The investors of the securitization trusts have no recourse to the Company’s other assets should there be a
failure of the securities backed by student loans to pay when due. Some of our securitizations meet the
requirements for sale treatment under GAAP, according to the criteria of SFAS No. 140. In these transactions
we use a two-step sale to a qualifying special purpose entity (“QSPE”), such that we do not maintain effective
control over the transferred assets. Accordingly, these transactions are accounted for off-balance sheet.

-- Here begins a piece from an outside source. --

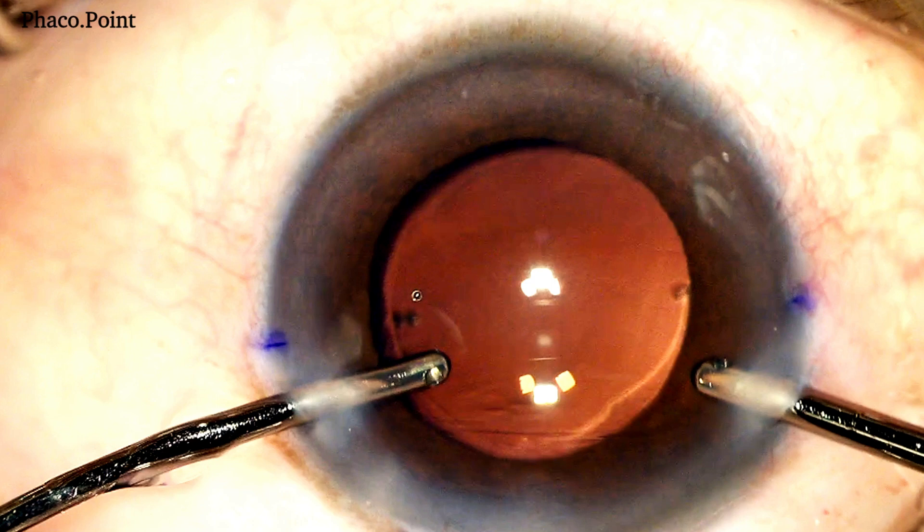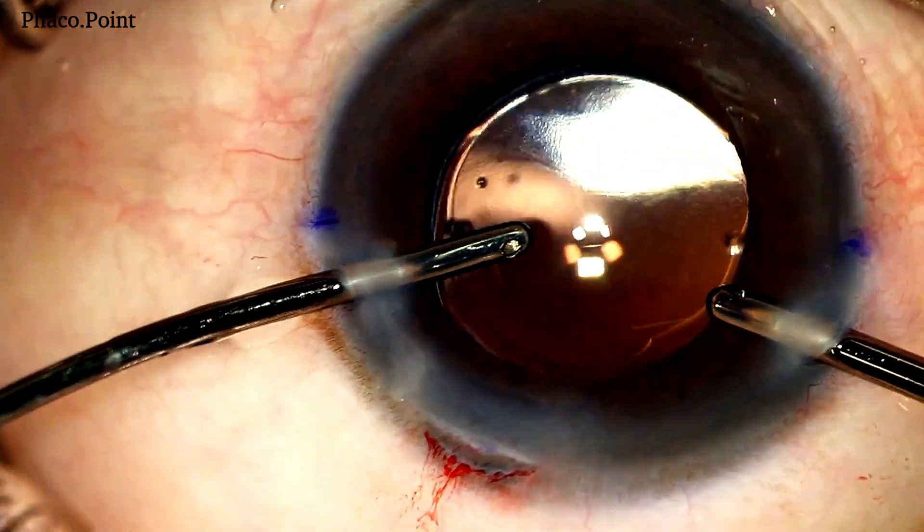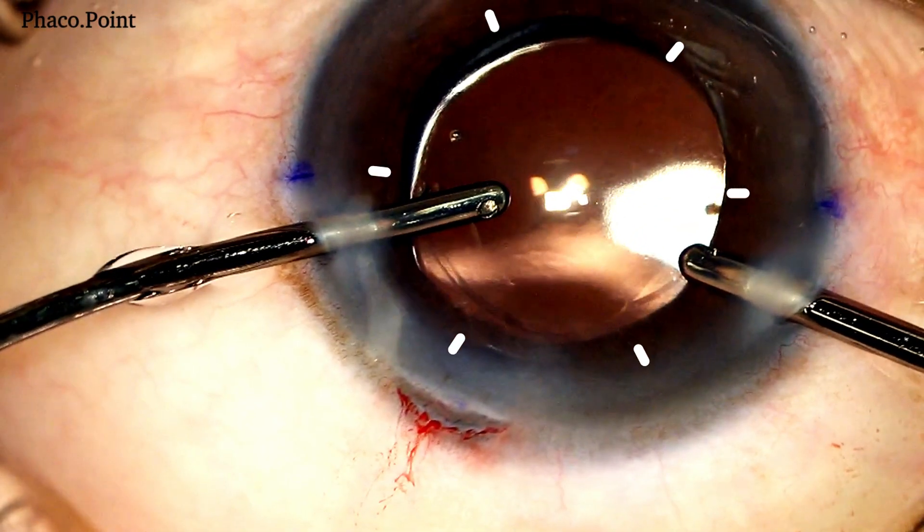Let's now see what it looks like when we superimpose these two images. As we straighten the eye, we can see how the first and the fourth images are completely superimposed. This signifies a perfect alignment of the eye in the visual axis.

In certain securitization structures, there are terms within the deal structure that result in such
securitizations not qualifying for sale treatment and accordingly, they are accounted for on-balance sheet as
variable interest entities (“VIEs”). Terms that prevent sale treatment include: (1) allowing us to hold certain
rights that can affect the remarketing of certain bonds, (2) allowing the trust to enter into interest rate cap
agreements after the initial settlement of the securitization, which do not relate to the reissuance of third party
beneficial interests or (3) allowing us to hold an unconditional call option related to a certain percentage of
the securitized assets. The securitization structure where we can affect the remarketing of the bonds was
developed to broaden and diversify the investor base for FFELP Consolidation Loan securitizations by
allowing us to issue bonds with shorter expected maturities and with non-amortizing, fixed rate and foreign
currency denominated tranches. As of December 31, 2006, we had $48.6 billion of securitized student loans in
on-balance sheet FFELP Consolidation Loan securitization trusts. These securitizations are included as
financings in the table below.
We recognize a gain on sales related to securitizations that qualify as off-balance sheet transactions. The
gain is calculated as the difference between the allocated cost basis of the assets sold and the relative fair
value of the assets received. The carrying value of the student loan portfolio being securitized includes the
applicable accrued interest, unamortized student loan premiums or discounts, loan loss reserves and Borrower
Benefits reserves. The fair value of the Residual Interest is determined using a discounted cash flow
methodology using assumptions discussed in more detail below. The ongoing earnings from our off-balance
sheet securitizations are recognized in servicing and securitization revenue.